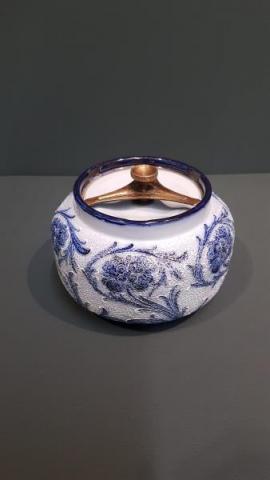 Antique Macintyre Pale Blue Panelled Poppy Humidor Burslem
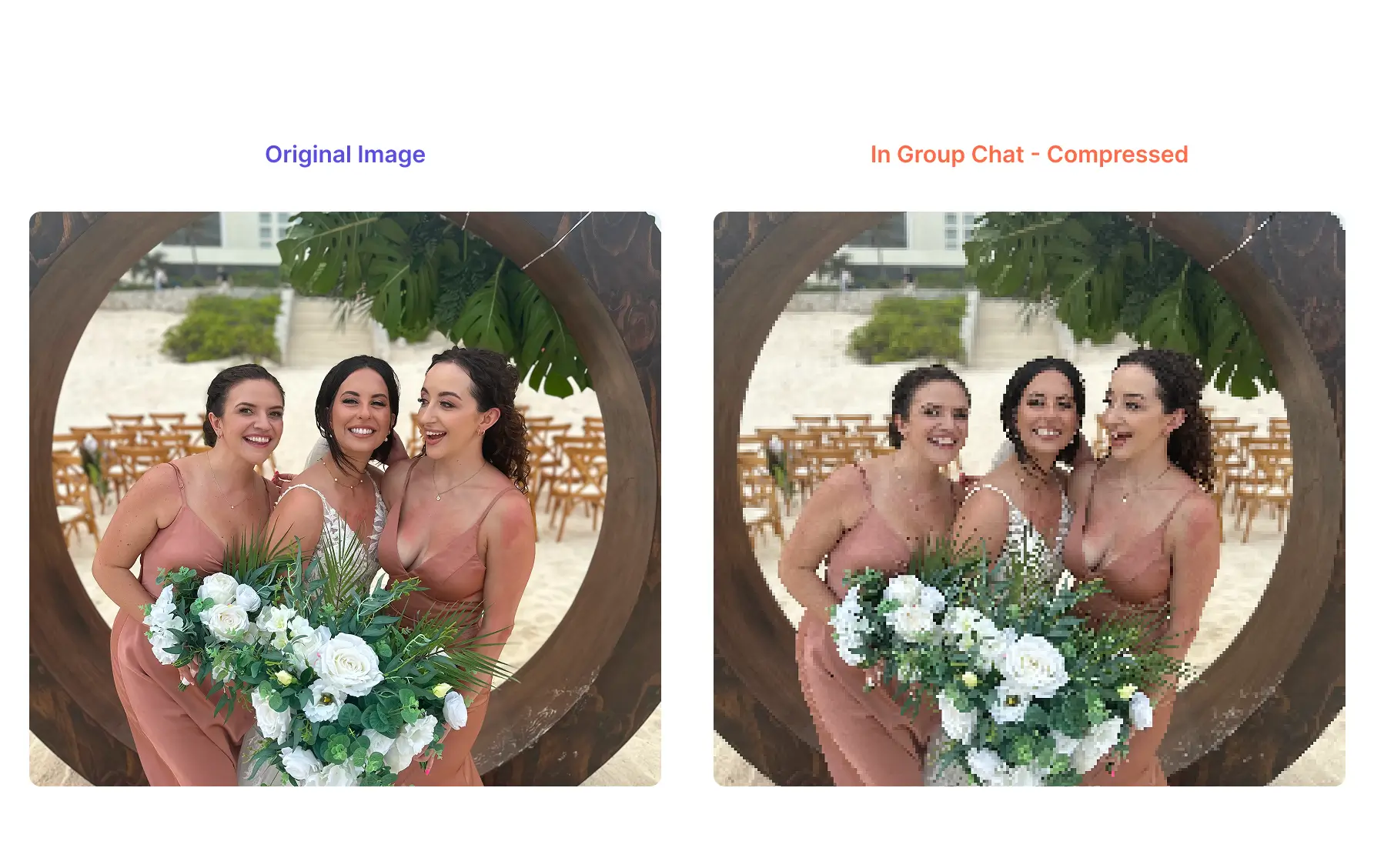 Side-by-side comparison showing a high-quality original image and a compressed, pixelated version from a group chat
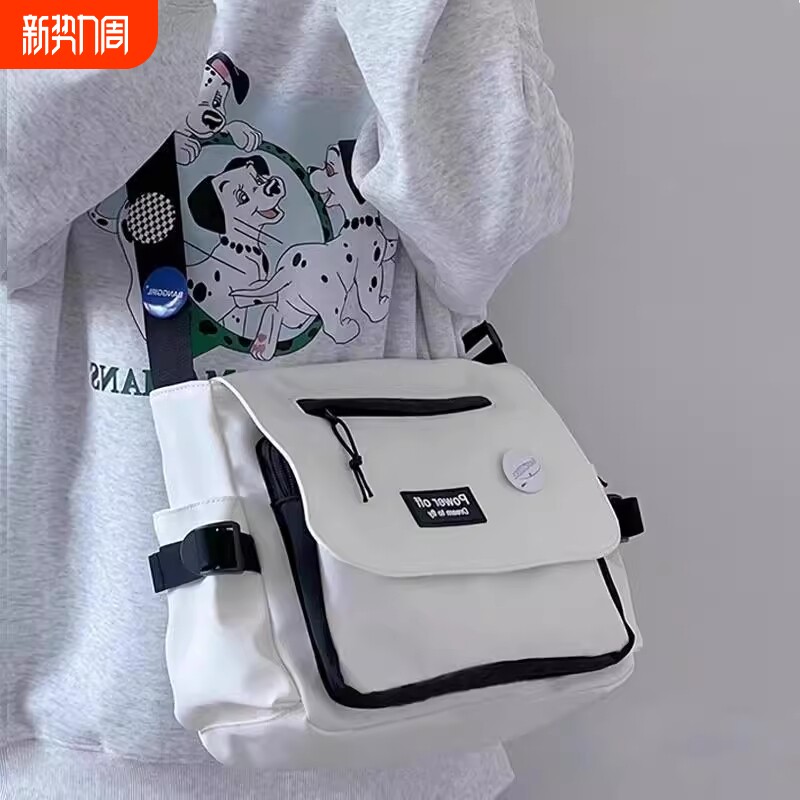 ins大学生斜挎包上课休闲背包单肩包 日系包包女原宿复古邮差包男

Brief - Your job is to restate, word for word, only the lines from the one holding "Side-by-side comparison showing" through the end of the material; pictures stay out.

Result -
 Side-by-side comparison showing a high-quality original image and a compressed, pixelated version from a group chat
 ins大学生斜挎包上课休闲背包单肩包 日系包包女原宿复古邮差包男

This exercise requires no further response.